**Work request**
A word-for-word copy of the lines below, starting at the line with "Как выглядят мужчины" and ending at the last one, is what you should give. Omit every picture.

**Supplied material**
*** Begin section ***

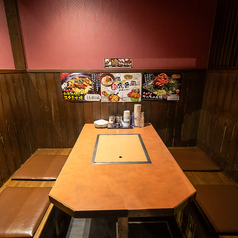 お二人様のご案内は掘りごたつの指定がなければこちらのお席にご案内いたいます。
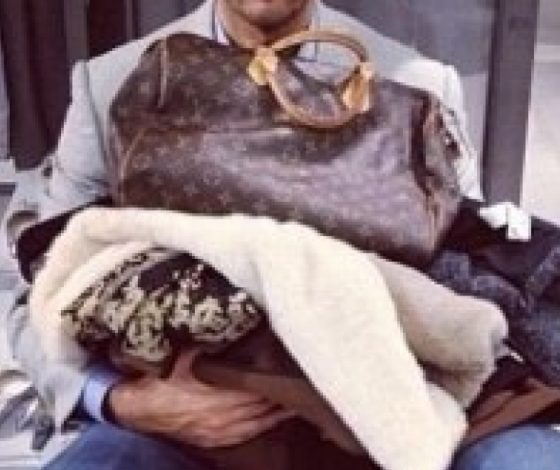 Как выглядят мужчины во время шопинга своих дам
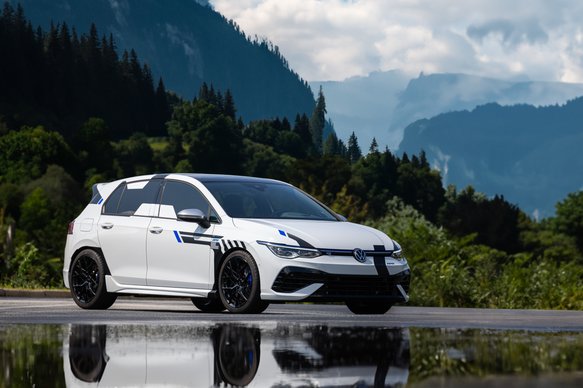 APR LOWERING SPRINGS, 2022 GOLF-R (MK8)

*** End section ***

**Answer to this task**
 Как выглядят мужчины во время шопинга своих дам
 APR LOWERING SPRINGS, 2022 GOLF-R (MK8)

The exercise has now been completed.